TASK OBJECTIVE → Exact repetition of a range: find the line containing "Warzywa i owoce" and the line containing "kızak köpekleri" in the material below, then repeat both and all lines between them, leaving pictures out.

Start of MATERIAL PROVIDED

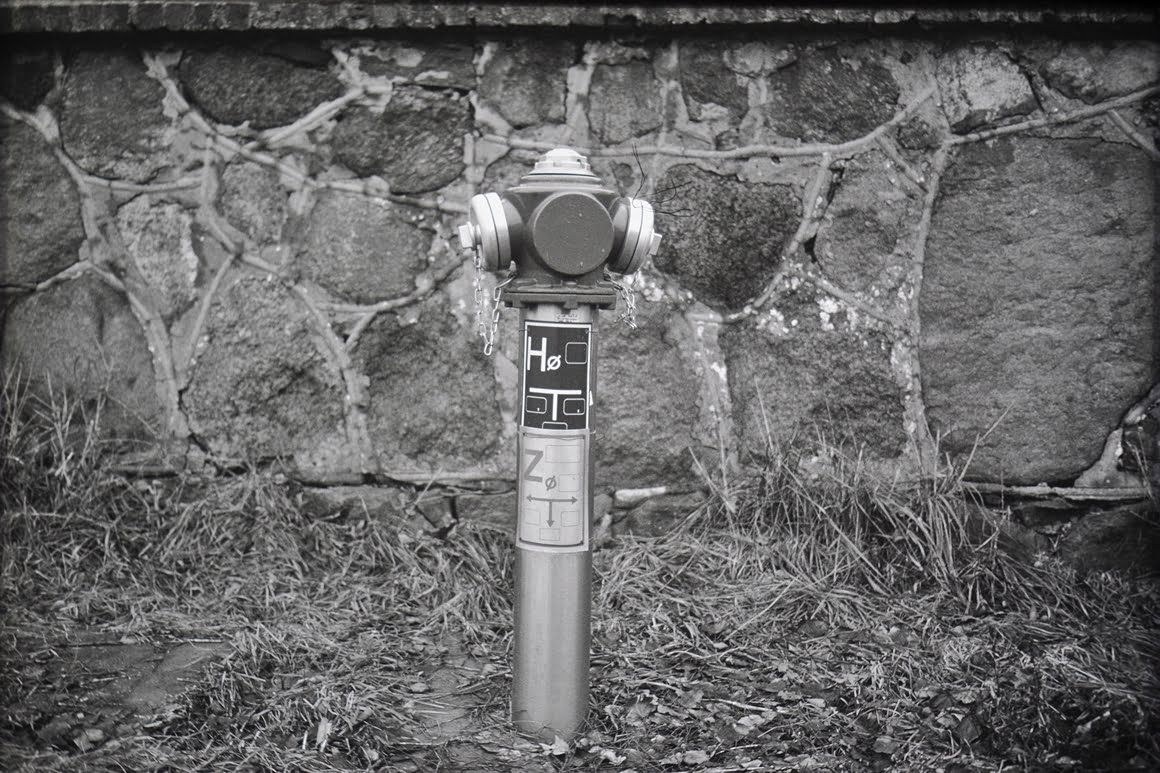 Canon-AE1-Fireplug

End of MATERIAL PROVIDED
Start of MATERIAL PROVIDED

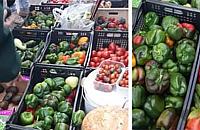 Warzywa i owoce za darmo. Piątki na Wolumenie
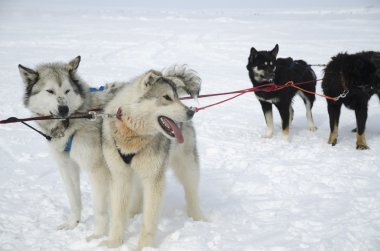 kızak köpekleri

End of MATERIAL PROVIDED
Start of MATERIAL PROVIDED

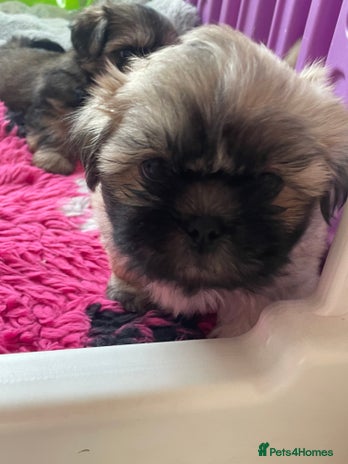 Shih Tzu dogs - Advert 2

End of MATERIAL PROVIDED

THE ANSWER →
 Warzywa i owoce za darmo. Piątki na Wolumenie
 kızak köpekleri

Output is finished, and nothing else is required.